An Australian academic has backed criticism of the South Australia State Government’s decision to competitively tender Adelaide’s public transport bus services. Heavy criticism is also levelled for over-investment in rail given its high costs and lower ridership.
22 January - One of Australia’s most respected public transport academics has criticised the South Australia State Government’s decision to competitively tender Adelaide’s public transport bus services. Professor David Hensher, Director of the Institute of Transport and Logistics Studies at the University of Sydney and member of our BRT Centre of Excellence, agreed with advice provided to the South Australian Government to not competitively tender the state’s public transport bus services. This advice was ignored by the Government, which competitively tendered the services in 2010.

Since the new contracts began there has been widespread dissatisfaction with the performance of the bus system, and patronage has declined significantly since 2010. The advice, from former public transport chief Heather Webster and two former consultants to South Australia’s transport department, favoured a process of negotiated contract extensions.

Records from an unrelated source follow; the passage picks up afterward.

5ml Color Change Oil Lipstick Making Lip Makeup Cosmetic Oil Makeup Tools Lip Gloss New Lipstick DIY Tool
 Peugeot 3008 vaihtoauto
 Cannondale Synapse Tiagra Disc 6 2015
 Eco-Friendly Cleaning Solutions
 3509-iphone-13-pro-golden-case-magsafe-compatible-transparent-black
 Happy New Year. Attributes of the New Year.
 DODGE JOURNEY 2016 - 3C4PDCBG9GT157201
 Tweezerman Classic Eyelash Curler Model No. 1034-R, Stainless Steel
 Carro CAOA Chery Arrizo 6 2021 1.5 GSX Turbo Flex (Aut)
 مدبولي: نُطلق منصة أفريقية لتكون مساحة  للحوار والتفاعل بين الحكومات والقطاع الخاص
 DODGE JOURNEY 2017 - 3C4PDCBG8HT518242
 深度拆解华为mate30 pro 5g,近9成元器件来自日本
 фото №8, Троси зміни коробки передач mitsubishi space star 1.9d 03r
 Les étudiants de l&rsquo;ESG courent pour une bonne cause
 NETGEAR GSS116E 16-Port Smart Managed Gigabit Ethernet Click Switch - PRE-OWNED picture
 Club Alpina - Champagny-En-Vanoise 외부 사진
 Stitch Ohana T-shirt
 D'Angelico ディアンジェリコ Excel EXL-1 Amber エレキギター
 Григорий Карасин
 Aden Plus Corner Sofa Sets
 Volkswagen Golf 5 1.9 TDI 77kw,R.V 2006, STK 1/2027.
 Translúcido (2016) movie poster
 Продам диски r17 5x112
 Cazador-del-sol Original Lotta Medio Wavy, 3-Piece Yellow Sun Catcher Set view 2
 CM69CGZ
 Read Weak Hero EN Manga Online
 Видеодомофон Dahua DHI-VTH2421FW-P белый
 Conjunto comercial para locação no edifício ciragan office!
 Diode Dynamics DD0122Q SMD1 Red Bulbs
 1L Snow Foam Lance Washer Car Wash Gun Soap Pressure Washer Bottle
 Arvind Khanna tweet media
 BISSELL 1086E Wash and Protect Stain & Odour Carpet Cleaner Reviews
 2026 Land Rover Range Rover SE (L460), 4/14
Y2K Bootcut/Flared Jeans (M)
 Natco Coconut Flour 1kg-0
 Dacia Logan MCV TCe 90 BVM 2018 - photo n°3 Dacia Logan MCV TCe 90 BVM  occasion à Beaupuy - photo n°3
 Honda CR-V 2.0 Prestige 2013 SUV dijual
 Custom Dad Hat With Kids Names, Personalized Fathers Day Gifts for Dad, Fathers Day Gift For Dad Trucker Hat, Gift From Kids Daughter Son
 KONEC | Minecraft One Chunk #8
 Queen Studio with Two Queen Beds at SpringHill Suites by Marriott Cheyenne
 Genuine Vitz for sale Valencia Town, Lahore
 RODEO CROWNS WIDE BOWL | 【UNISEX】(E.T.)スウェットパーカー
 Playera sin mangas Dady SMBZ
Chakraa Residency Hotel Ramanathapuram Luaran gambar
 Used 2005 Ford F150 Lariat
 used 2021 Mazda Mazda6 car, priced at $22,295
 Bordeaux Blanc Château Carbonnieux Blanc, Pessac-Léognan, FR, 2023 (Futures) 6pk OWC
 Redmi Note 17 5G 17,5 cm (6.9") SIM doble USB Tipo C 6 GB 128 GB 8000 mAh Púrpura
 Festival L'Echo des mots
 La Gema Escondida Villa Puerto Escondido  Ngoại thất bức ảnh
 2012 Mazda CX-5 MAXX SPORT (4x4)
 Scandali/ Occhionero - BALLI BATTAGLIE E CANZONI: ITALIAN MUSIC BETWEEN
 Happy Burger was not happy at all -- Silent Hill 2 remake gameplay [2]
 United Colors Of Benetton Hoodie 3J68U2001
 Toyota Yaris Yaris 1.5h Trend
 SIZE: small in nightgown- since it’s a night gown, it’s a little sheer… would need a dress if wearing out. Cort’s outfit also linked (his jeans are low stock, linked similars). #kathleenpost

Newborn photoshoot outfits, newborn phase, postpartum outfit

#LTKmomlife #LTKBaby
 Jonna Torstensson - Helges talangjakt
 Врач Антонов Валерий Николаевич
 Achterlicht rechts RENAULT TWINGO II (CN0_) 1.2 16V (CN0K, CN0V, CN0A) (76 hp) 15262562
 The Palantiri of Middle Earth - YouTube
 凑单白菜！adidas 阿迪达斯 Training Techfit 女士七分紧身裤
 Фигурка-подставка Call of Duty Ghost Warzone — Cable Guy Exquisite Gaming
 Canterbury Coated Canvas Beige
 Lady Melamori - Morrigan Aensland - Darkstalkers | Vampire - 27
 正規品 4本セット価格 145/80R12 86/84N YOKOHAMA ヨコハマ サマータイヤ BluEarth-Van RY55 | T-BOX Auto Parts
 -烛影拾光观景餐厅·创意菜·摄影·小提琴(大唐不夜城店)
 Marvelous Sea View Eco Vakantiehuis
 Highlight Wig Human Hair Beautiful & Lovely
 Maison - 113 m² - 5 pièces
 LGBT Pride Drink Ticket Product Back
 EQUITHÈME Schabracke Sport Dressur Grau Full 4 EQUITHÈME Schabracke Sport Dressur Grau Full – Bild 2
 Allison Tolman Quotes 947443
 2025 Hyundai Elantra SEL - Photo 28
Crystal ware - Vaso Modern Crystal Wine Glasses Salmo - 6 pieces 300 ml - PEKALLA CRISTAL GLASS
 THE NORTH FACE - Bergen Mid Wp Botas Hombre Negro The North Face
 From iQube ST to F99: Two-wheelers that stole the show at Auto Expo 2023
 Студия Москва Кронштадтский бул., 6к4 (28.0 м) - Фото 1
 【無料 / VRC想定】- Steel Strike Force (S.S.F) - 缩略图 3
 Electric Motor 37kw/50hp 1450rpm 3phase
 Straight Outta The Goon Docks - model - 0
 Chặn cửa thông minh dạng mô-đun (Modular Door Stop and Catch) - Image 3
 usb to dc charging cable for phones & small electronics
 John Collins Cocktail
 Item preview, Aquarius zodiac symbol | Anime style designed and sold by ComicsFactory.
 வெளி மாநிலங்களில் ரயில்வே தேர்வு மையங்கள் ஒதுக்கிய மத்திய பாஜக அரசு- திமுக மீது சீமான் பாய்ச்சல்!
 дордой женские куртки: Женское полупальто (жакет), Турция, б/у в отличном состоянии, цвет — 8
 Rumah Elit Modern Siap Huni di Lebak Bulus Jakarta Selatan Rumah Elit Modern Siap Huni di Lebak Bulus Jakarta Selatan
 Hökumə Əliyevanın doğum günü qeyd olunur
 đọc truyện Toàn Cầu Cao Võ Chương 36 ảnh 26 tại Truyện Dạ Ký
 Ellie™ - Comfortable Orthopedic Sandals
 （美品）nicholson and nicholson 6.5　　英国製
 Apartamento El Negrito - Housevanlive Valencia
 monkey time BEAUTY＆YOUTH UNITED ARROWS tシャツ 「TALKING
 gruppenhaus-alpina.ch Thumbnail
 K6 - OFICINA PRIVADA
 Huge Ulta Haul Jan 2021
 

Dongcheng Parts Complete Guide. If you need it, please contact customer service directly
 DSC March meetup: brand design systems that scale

Prof Hensher also agreed with Webster’s criticism of the government’s investment in light and heavy rail, as compared to the bus system. He pointed to a study he had undertaken comparing the operating costs of Sydney railways with buses, both private and public. The study concluded that a train costs about 14 times more to operate per service kilometre than a bus. Statistics also showed that the Sydney buses carried 13 per cent more passenger trips than trains, meaning that trains are close to 16 times more cost-inefficient compared to buses. “This is a staggeringly different sum and raises some serious questions about value for money in investing in rail versus bus,” Prof Hensher said.
Webster questioned the government’s spending on trams and trains, when the bus network shouldered so much of the public transport burden in Adelaide, and at a much lower comparative cost. Figures provided to Indaily by the Department of Planning, Transport and Infrastructure showed that in 2011/12, buses were responsible for 50.99 million boardings, while trams accounted for 2.9 million and trains 9.62 million.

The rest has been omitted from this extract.